Lol! This is the Mayor who wonders why the tourists aren't coming back?

''The result was 42,000 becquerels/kg of radioactive cesium from the dirt that accumulated around the drain grid on the side of the road in Kohoku-ku (Okurayama) in Yokohama City, just inside the 250-kilometer radius from Fukushima I Nuclear Power Plant.

The city also found 35,000 becquerels/kg of cesium in the sediment at a fountain nearby, 27,600 becquerels/kg from the dirt overflow from the plant box on the road, and 11,320 becquerels/kg from the dirt overflow from the plant box on the side walk.''


Tourists won't want any dumb shit beaurocrat telling them to come back for a holiday. You'd have to be insane. The Mayor, obviously is.
Face the problem. Admit the truth. Clean up. Get over it.This is the price you pay for nuclear power.
Yokohama is 250km from Fukushima. With readings like that they are trying to say it's all ok? WTF! Anyone with kids or wanting kids should be long gone from Yokohama. Make the town a giant OAP home for the bedridden. That's all it's fit for. And that's harsh on OAP's.
Yokohama, R.I.P.

Anonymous said...

The German opera singers who refuse this trip are right. They are educated and intelligent. Unlike the brainwashed idiot civil servants in Japan.
Why come to Japan and sing Wagner's Requiem when you can simply play it on CD? Maybe they should make it the theme tune for Yokohama? All ist clar?
Requiem. Ubergile.

FigNewton said...

This is madness.. This! Is! Hama!..

That mayor needs to be removed, for the sake of Yokohama.

Anonymous said...

I thought not thinking on your own was a prerequisite for government service in just about every nation? The people really in charge (the uber rich and the companies they own) don't like thinkers or doers getting into "power".

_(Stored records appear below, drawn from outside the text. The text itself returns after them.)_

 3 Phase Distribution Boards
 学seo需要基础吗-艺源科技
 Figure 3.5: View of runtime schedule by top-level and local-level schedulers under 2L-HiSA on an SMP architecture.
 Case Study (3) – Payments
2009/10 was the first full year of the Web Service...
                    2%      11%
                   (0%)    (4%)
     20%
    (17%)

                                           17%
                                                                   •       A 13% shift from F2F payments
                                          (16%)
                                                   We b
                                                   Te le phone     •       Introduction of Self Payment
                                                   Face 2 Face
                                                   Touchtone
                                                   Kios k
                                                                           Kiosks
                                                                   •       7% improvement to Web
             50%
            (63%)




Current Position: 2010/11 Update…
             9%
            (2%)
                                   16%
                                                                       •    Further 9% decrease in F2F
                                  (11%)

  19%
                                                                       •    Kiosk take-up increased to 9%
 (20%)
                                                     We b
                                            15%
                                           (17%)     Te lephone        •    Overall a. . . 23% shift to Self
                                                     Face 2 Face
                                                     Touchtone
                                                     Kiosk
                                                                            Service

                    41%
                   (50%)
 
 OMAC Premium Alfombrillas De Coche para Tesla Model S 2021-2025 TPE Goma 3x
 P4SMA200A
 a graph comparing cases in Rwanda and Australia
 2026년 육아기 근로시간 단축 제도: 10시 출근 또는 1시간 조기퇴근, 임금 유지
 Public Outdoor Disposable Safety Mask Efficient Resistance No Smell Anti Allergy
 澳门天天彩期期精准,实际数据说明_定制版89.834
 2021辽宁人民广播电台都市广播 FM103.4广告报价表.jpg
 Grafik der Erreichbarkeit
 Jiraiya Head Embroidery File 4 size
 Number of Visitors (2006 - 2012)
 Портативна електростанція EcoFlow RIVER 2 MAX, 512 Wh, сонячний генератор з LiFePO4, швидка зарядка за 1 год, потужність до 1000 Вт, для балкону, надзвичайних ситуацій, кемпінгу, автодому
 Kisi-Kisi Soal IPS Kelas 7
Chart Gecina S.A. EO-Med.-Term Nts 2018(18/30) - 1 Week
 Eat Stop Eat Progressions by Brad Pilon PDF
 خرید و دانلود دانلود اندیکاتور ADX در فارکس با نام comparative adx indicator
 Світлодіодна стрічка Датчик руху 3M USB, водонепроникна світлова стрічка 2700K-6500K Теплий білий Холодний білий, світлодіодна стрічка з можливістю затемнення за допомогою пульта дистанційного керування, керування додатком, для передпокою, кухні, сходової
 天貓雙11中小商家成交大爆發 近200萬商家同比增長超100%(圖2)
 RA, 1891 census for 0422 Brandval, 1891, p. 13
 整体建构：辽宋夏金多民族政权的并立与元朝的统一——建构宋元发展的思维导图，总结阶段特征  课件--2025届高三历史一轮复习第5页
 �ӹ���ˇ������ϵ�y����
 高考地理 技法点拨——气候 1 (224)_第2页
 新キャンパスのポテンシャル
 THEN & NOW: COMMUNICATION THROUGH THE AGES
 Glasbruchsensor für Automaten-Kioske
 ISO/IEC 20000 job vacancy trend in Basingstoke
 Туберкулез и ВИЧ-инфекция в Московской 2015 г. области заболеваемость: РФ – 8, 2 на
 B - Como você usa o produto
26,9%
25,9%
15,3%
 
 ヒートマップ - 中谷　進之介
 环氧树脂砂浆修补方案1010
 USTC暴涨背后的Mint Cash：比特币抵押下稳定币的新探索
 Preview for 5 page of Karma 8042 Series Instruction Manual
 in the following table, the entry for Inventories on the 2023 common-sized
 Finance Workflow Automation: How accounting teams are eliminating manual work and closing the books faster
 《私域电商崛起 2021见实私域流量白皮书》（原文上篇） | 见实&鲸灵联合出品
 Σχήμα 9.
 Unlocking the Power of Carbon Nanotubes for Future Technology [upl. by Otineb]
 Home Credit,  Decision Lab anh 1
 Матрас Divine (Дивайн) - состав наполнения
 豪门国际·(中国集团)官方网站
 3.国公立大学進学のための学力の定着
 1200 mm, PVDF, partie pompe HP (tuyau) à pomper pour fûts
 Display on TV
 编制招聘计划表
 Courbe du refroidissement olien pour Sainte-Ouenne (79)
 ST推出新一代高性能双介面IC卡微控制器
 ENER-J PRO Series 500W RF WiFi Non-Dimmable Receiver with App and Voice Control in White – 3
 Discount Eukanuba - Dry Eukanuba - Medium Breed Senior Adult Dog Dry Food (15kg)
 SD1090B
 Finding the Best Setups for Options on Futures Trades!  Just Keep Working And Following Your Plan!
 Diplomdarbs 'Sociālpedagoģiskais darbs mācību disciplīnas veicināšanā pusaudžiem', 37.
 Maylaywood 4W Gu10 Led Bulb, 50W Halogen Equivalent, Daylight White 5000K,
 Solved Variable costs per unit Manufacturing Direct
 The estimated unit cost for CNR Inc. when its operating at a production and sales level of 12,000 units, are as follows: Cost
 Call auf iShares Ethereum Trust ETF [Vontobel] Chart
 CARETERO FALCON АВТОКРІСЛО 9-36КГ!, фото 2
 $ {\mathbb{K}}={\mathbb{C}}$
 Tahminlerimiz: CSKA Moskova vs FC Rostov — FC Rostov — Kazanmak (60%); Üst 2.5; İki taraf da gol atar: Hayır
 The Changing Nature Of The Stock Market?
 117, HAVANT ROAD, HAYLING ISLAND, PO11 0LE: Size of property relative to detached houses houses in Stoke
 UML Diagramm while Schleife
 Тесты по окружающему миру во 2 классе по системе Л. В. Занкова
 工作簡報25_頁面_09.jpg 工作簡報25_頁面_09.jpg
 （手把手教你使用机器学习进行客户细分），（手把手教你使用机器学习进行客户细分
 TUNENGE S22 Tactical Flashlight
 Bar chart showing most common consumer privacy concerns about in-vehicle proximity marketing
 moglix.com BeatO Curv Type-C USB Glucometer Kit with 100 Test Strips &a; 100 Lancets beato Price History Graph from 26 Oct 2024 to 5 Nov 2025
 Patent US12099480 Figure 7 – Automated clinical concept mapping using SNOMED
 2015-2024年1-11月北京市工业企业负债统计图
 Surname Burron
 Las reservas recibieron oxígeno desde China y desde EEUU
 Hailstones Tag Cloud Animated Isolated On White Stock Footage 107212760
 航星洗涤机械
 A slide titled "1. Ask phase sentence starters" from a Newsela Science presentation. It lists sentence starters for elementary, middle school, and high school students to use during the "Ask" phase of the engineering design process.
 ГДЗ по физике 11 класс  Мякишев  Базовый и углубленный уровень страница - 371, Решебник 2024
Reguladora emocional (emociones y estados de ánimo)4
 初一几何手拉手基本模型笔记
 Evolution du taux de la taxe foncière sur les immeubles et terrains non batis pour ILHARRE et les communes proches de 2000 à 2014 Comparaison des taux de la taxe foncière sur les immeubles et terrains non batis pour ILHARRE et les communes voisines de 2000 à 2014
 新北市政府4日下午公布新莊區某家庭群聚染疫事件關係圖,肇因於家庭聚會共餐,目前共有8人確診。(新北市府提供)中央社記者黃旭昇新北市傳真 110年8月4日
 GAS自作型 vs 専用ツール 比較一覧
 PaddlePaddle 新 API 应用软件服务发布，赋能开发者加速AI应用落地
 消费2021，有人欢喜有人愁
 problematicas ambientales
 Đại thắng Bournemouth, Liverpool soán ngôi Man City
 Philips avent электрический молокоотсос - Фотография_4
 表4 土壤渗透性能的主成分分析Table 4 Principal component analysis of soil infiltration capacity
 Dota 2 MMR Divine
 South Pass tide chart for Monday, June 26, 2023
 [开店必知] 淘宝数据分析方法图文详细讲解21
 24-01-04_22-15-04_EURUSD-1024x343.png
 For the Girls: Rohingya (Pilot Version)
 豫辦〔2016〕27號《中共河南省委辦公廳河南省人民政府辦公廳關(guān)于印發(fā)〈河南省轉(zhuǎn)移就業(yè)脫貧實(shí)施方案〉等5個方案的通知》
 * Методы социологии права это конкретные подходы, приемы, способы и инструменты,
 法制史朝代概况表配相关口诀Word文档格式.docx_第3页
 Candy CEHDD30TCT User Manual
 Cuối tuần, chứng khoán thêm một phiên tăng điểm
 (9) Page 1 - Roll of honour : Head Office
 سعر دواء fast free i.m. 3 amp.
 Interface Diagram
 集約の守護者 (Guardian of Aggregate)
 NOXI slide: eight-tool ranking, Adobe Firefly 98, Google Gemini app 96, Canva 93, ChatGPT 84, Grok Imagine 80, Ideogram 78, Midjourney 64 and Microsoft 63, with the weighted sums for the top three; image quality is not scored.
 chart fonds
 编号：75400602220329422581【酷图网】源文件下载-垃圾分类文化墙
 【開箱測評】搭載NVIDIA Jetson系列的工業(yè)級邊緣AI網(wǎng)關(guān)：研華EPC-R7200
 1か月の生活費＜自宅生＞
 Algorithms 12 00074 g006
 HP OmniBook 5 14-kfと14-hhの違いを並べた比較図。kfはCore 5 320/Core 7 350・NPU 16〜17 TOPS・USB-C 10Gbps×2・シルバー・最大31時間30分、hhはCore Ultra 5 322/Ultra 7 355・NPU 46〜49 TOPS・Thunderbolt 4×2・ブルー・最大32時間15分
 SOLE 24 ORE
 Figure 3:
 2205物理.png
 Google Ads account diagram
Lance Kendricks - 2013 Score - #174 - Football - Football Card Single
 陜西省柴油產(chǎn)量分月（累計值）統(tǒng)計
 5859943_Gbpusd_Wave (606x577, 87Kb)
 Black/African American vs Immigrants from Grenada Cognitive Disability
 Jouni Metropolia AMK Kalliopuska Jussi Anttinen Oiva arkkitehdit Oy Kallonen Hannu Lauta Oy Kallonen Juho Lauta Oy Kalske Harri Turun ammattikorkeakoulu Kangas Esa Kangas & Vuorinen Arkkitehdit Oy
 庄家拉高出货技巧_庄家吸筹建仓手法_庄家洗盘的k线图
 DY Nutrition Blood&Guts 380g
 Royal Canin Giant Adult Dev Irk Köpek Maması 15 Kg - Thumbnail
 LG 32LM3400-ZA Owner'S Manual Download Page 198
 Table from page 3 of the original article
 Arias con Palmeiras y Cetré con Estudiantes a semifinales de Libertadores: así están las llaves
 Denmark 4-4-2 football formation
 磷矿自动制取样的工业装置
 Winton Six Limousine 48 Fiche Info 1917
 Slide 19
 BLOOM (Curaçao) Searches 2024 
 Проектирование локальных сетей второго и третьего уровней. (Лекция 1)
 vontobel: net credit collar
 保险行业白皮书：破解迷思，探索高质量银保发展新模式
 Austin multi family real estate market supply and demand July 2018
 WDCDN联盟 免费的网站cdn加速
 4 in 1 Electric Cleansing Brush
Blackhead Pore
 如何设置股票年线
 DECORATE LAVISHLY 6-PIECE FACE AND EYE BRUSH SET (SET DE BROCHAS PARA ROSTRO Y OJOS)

Unfortunately @Cherie is right they could also make a law against independent testing by concerned citizens under the guise of controlling "baseless rumors".

FigNewton said...

I don't want to be skeptical, but is there another source for this information? I only can find the same faxed report on a few blogs. Nothing in the news at all?

Again, just following protocol. Not hating.

Anonymous said...

You'll do well to find this kind of news in the mainstream.

If you hadn't already realised the Japanese authorities have proved they are concerned with cover up not clean up.

We need to take to the streets and get angry about the government response to this ongoing catastrophe. Does anyone have any links to protest groups?
It's either this or get out of Japan. The mayor needs to go. Although a suitable drone would probably be found to replace her.

arevamirpal::laprimavera said...

@FigNewton, my sources are the Yokohama assemblyman and another assemblywoman (their blogs and message boards). Nothing in Yokohama City's website.

Tokyo Shinbun Kanagawa version reported it.
http://www.tokyo-np.co.jp/article/kanagawa/20110918/CK2011091802000042.html

The article says nothing about a private citizen who first brought this up. Same with Kanagawa Shinbun:

http://news.kanaloco.jp/localnews/article/1109170026/

In the press conference about this radioactive dirt on 9/17, they excluded the independent, net-based press. The reporters were there, but they were told to get out. It was a Kisha Club exclusive affair.

Assemblywoman's tweet describes how the "decontamination" was done: use broom and scooper.

FigNewton said...

You're a master, Ultra. Thank you. You put the regular press to shame. They are a joke and deserved of ridicule and scorn.

Anonymous said...

Sorry to write this here, but I couldn't find a "contact" page.

I live in koto-ku and here too there are some spots where the radiation is elevated (actually there are more and more spots...the situation is clearly deteriorating). If I can find them easily just with a cheap geiger counter why can't the city do it ? (oh, wait...they chose to stop doing surveys in July...that makes sense...)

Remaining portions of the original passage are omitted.